1. Stationarity: $\nabla f_0(x^*) + \sum_{i=1}^m \lambda_i^* \nabla f_i(x^*) + \sum_{j=1}^p \nu_j^* \nabla h_j(x^*) = 0.$

The gradient of the Lagrangian vanishes at the optimum.

2. Primal feasibility: $f_i(x^*) \leq 0 \quad \forall i, \qquad h_j(x^*) = 0 \quad \forall j.$

3. Dual feasibility: $\lambda_i^* \geq 0 \quad \forall i.$

4. Complementary slackness: $\lambda_i^* f_i(x^*) = 0 \quad \forall i.$

Each inequality constraint is either active ( $f_i(x^*) = 0$ , so $\lambda_i^*$ can be positive) or inactive ( $f_i(x^*) < 0$ , so $\lambda_i^* = 0$ — the constraint is irrelevant at the optimum).

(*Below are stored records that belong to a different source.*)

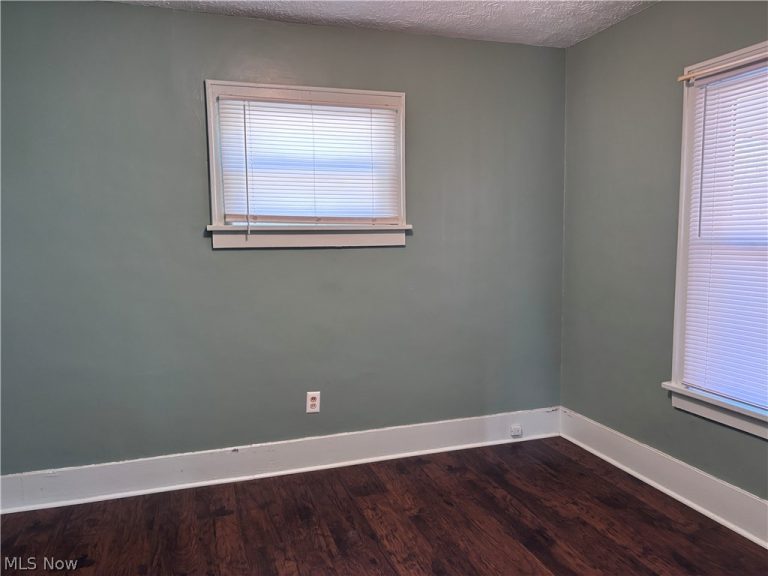 1236 Arnold Avenue, Akron, OH - Photo 5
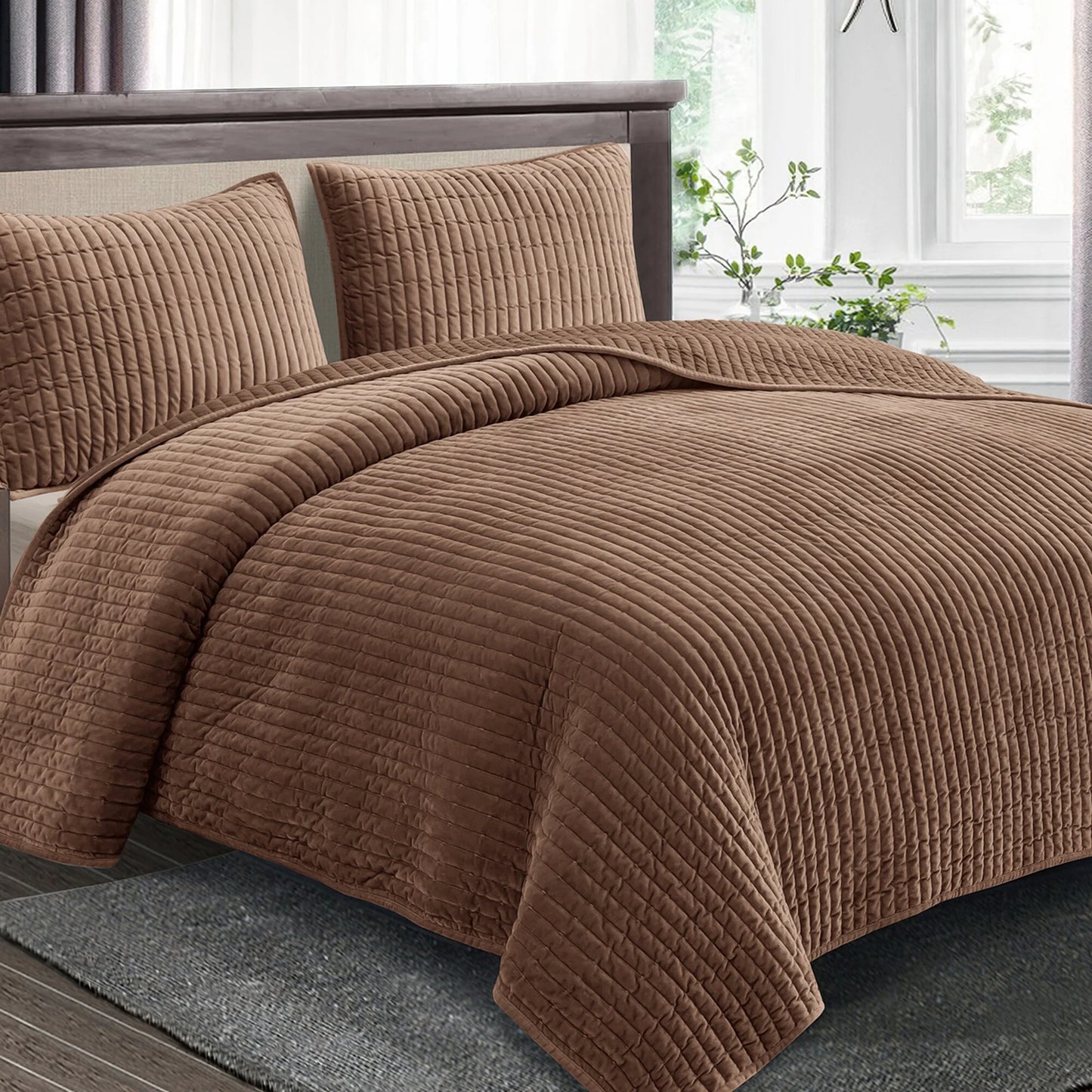 Wonderful Velvet 3 Piece Quilt Set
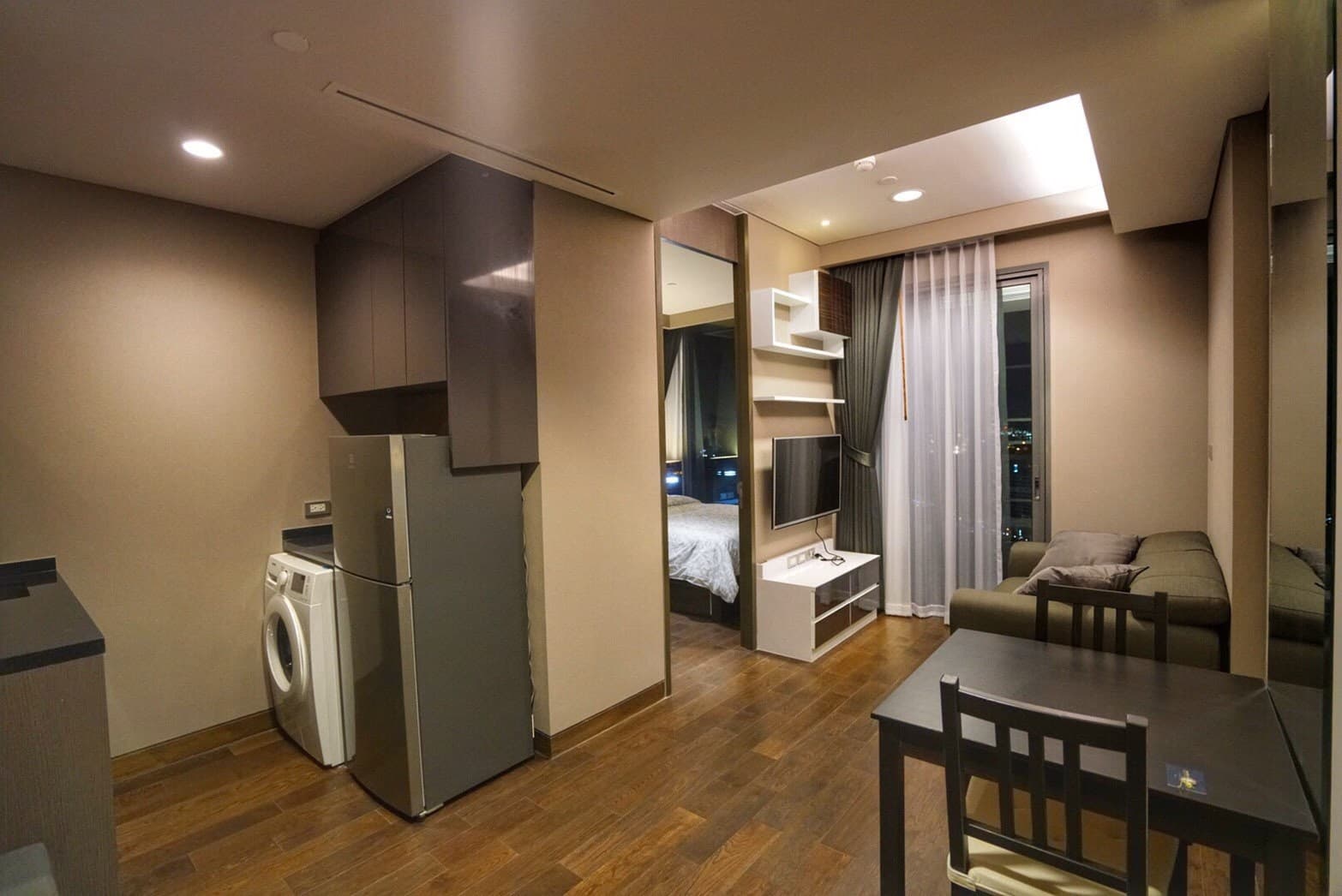 708 – 130_living_room.jpg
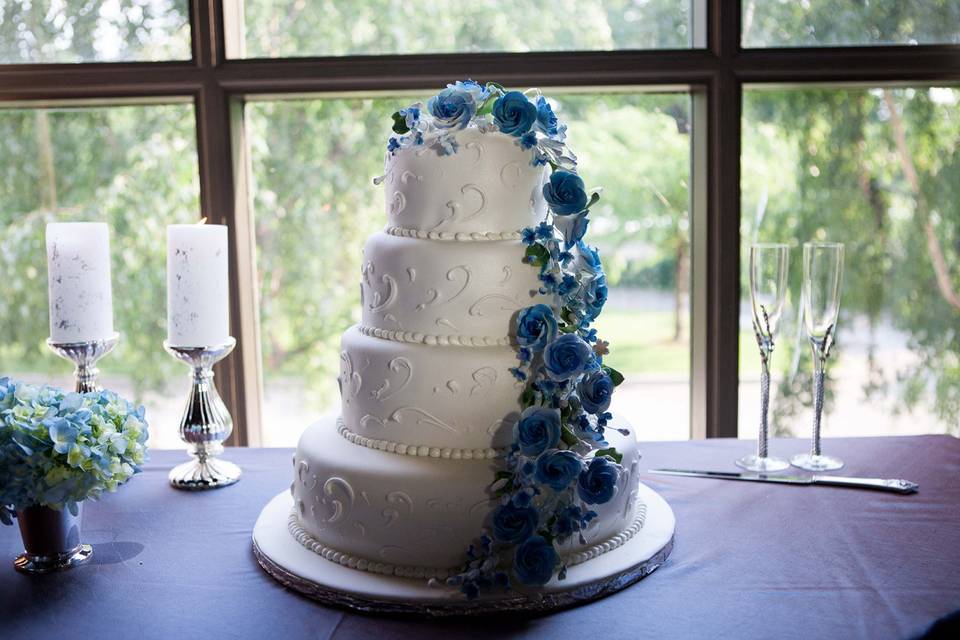 wedding_cake_floral_decoration.jpg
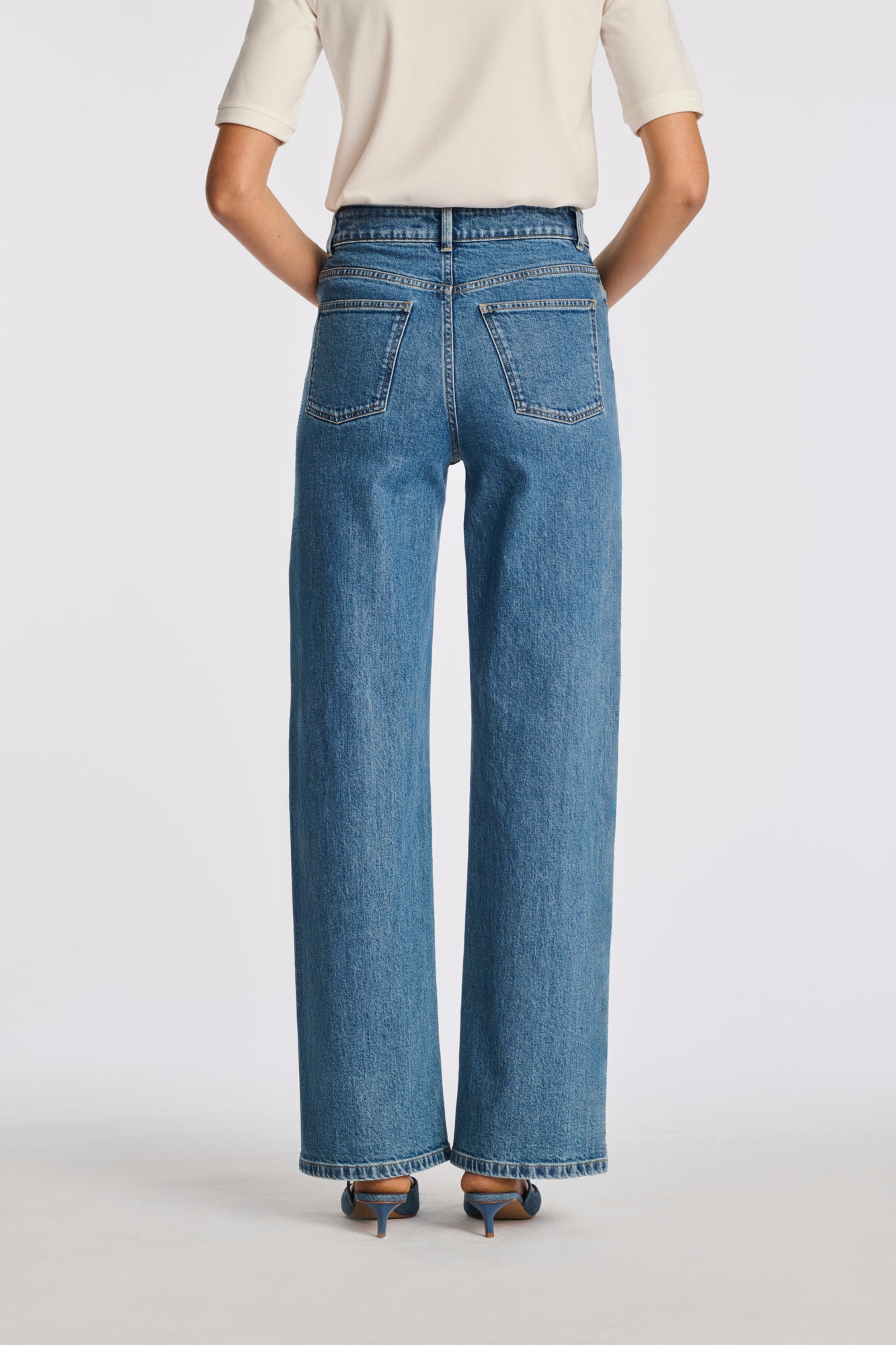 Wide-leg jeans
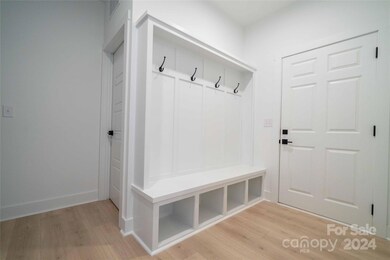 501 Edmunds Ln, Clover, SC 29710 - photo 5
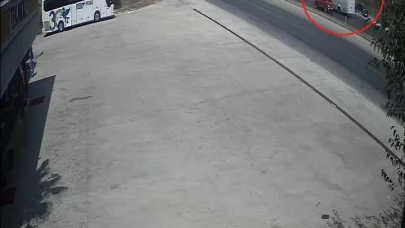 Kırmızı ışıkta duran araçlara çarpmamak için otomobilini şarampole sürdü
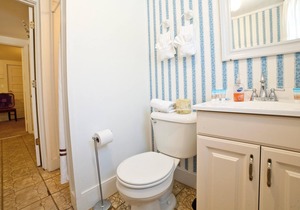 Cozy Ground-Floor Suite w/ Full Kitchen & Free WiFi - Near Dining & Shops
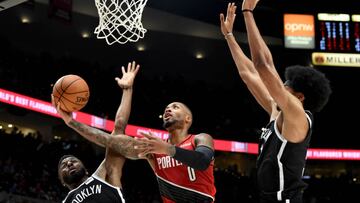Lillard bate el r¨¦cord de Portland con 60 puntos, pero pierde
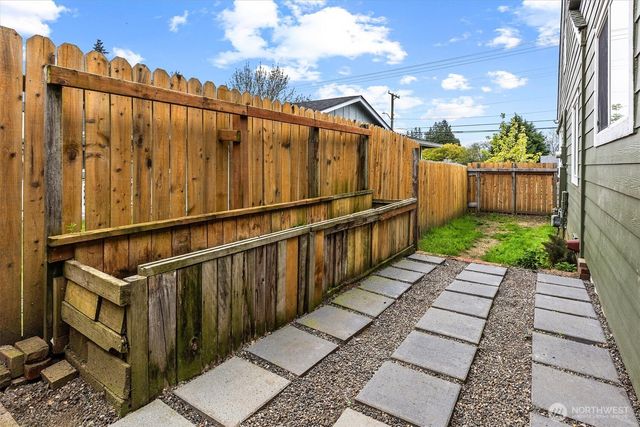 9055 Yakima Avenue, Tacoma, WA 98444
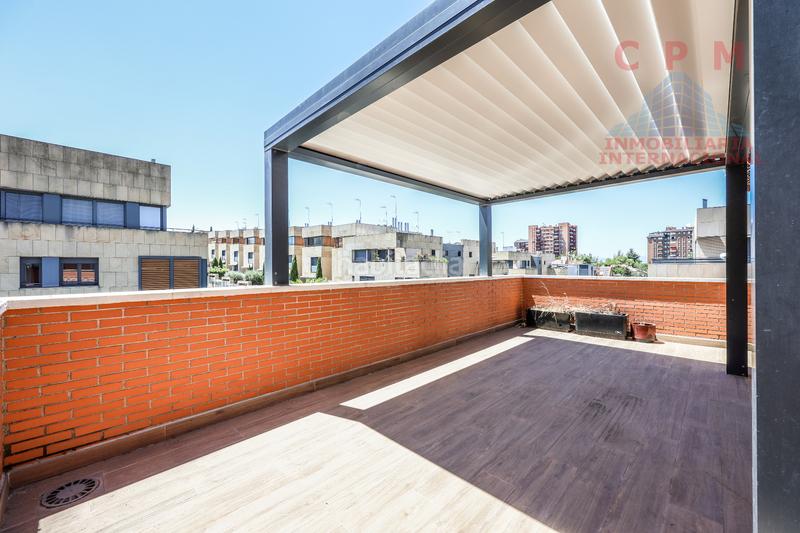 Foto 75e59e44-d684-4f27-a82a-54c6d7a085bd. Rent semi detached house with fireplace heating parking in Madrid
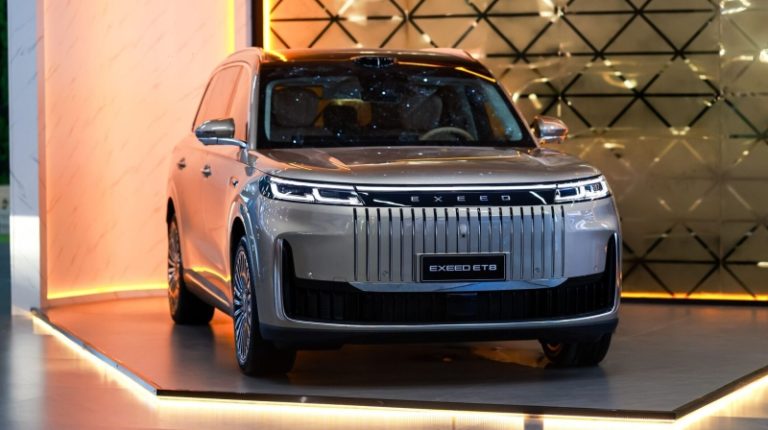 В России появится новый семейный кроссовер с 30-дюймовым 6К-экраном в салоне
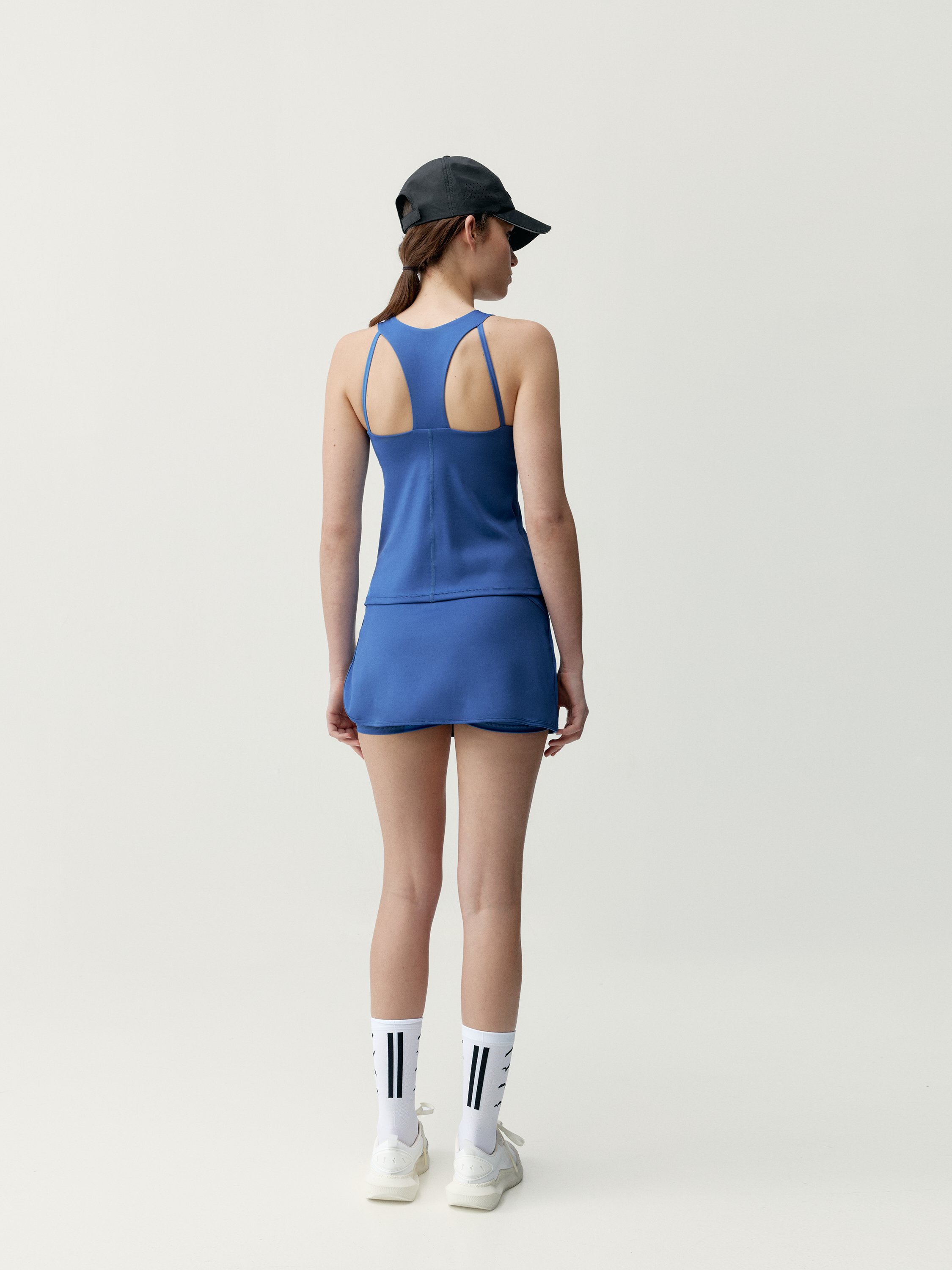 Gadea tank top with removable pads BORN Blue
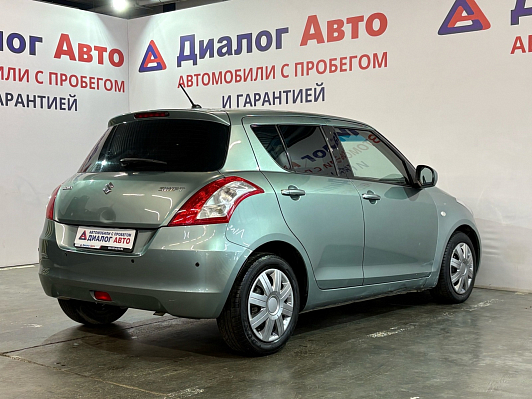Suzuki Swift GL, 2011 года, пробег 338400 км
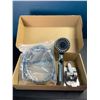 Image 1 : 1 High-Pressure Shower Head with Handle - 3 Spray Modes - Brand New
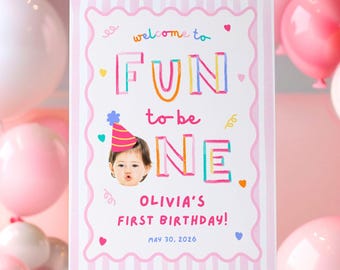 Cartello di benvenuto "Fun To Be One" con foto: modello Canva rosa per il primo compleanno (download digitale)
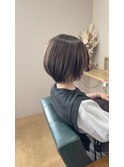 ショートにもおすすめ☆ナチュラル縮毛矯正、透明感カラー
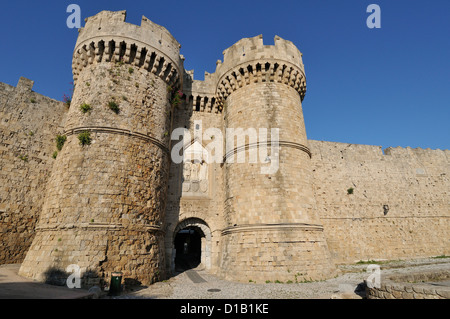 Rhodes. Îles du Dodécanèse. La Grèce. Marine Gate dans les murs de la vieille ville, Old Town, Rhodes Ville. Banque D'Images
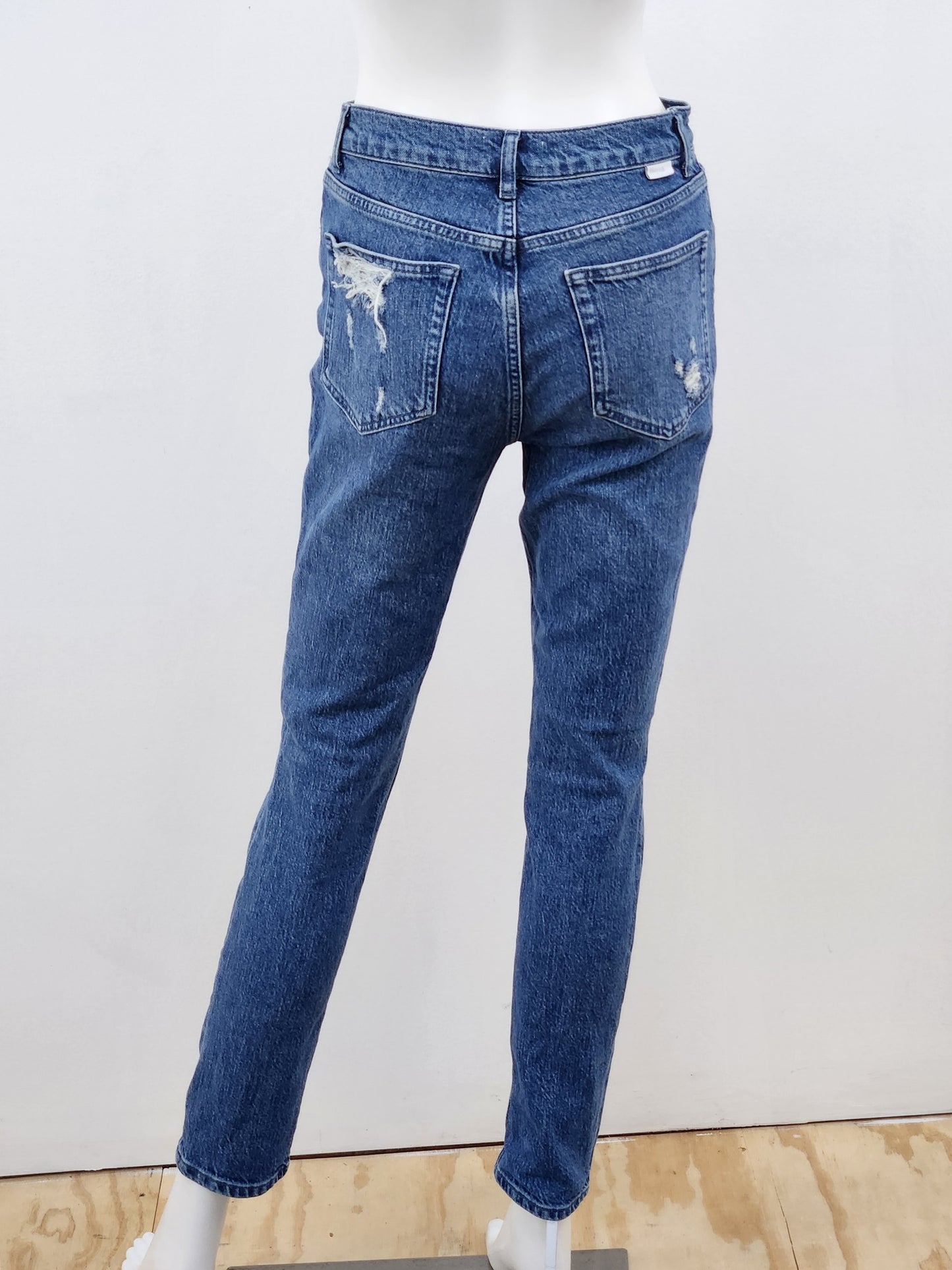 Zachary Distressed Skinny Jeans Size 26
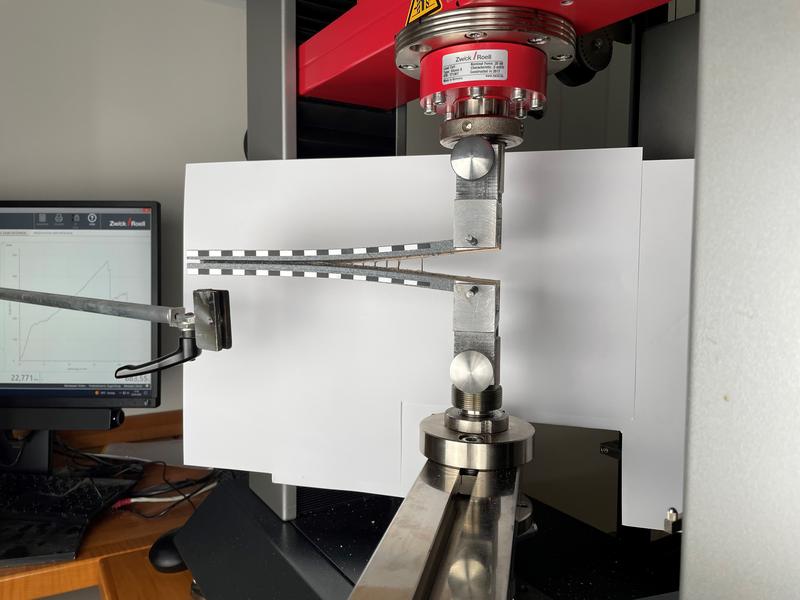 Delamination tritt nach dem Vernähen erst wesentlich später auf.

For convex problems: KKT conditions are necessary and sufficient for global optimality (assuming strong duality / regularity). The KKT system is a system of equations and inequalities that uniquely pins down both the primal and dual optimal points.

Sensitivity Analysis

From the KKT conditions, shadow prices: if the right-hand side of constraint $i$ is perturbed by $\epsilon$ (i.e., $f_i(x) \leq \epsilon_i$ ), the optimal value changes as:

$\frac{\partial p^*}{\partial \epsilon_i}\bigg|_{\epsilon=0} = -\lambda_i^*.$

A large $\lambda_i^*$ means constraint $i$ is "expensive" — relaxing it slightly would significantly improve the objective. This is the economic interpretation: dual variables are marginal values of resources.

Linear Programming Duality

The LP primal and dual form a symmetric pair:

$\text{Primal:} \quad \min_{x} c^Tx \;\;\text{s.t.}\;\; Ax = b,\, x \geq 0 \qquad \longleftrightarrow \qquad \text{Dual:} \quad \max_{\nu} b^T\nu \;\;\text{s.t.}\;\; A^T\nu \leq c.$

The dual constraint $A^T\nu \leq c$ says that the dual variables price the resources consistently with the objective costs. Complementary slackness in the LP context: $x_j^*(c_j - A_j^T \nu^*) = 0$ for all $j$ — either variable $j$ is zero (nonbasic) or its reduced cost is zero (basic).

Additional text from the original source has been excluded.